Fabrics that transmit biomedical data

December 5, 2014

Smart fabric is durable, malleable, and can be woven with cotton or wool. Horizontal lines are antennas. (Credit: Stepan Gorgutsa, Universite Laval)

Canadian researchers have developed “smart textiles” able to monitor and transmit wearers’ biomedical information via wireless or cellular network by superimposing multiple layers of copper, polymers, glass, and silver.

“The fiber acts as both sensor and antenna. It is durable but malleable, and can be woven with wool or cotton, and signal quality is comparable to commercial antennas,” explained Professor Younes Messaddeq at Université Laval’s Faculty of Science and Engineering and Centre for Optics, Photonics and Lasers.

“The surface of the fiber can also be adjusted to monitor a range of information, such as glucose levels, heart rhythm, brain activity, movements, and spatial coordinates.”

The design uses hollow-core polymer-clad silica fibers that can withstand high tensile and bending stresses, high-temperature operation (350 °C), and mechanical abrasion and harsh environmental exposure (heat-humidity tests, water, detergent, acids) compatible to most textiles applications, due to the thick polyimide polymer overcoat.

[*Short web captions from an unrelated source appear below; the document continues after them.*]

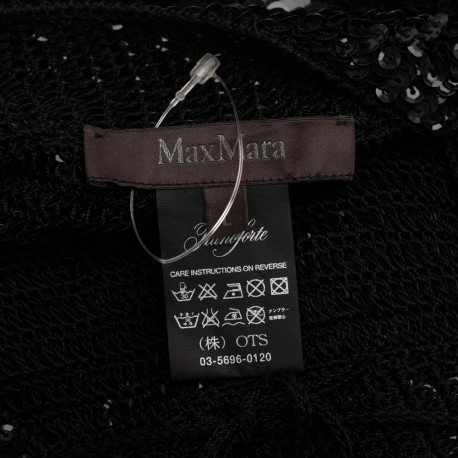 Max Mara Ubranie bolerko czarne w cekiny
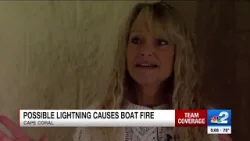 Possible lightning strike causes Cape Coral boat to burst into flames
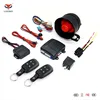 LIXING Remote Control Keyless Entry Shock Sensor One Way Auto Security Alarm System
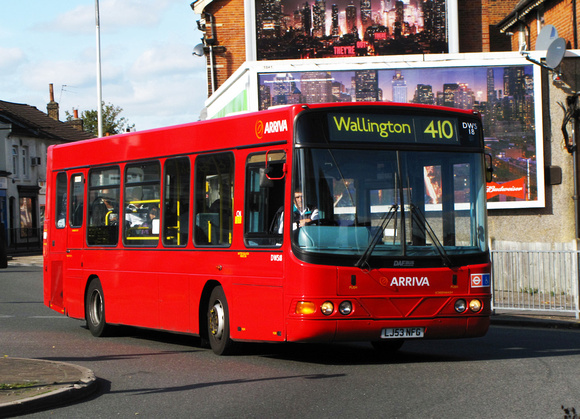 Route 410, Arriva London, DWS18, LJ53NFG, Croydon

Bio-sensing multi-material fibers weaved into textiles can be used for health and life-science applications via wireless networks (credit: Stepan Gorgutsa, Universite Laval)

The research is described in a recent article (open access) in the scientific journal Sensors.

Abstract of Novel Wireless-Communicating Textiles Made from Multi-Material and Minimally-Invasive Fibers

The ability to integrate multiple materials into miniaturized fiber structures enables the realization of novel biomedical textile devices with higher-level functionalities and minimally-invasive attributes. In this work, we present novel textile fabrics integrating unobtrusive multi-material fibers that communicate through 2.4 GHz wireless networks with excellent signal quality. The conductor elements of the textiles are embedded within the fibers themselves, providing electrical and chemical shielding against the environment, while preserving the mechanical and cosmetic properties of the garments. These multi-material fibers combine insulating and conducting materials into a well-defined geometry, and represent a cost-effective and minimally-invasive approach to sensor fabrics and bio-sensing textiles connected in real time to mobile communications infrastructures, suitable for a variety of health and life science applications.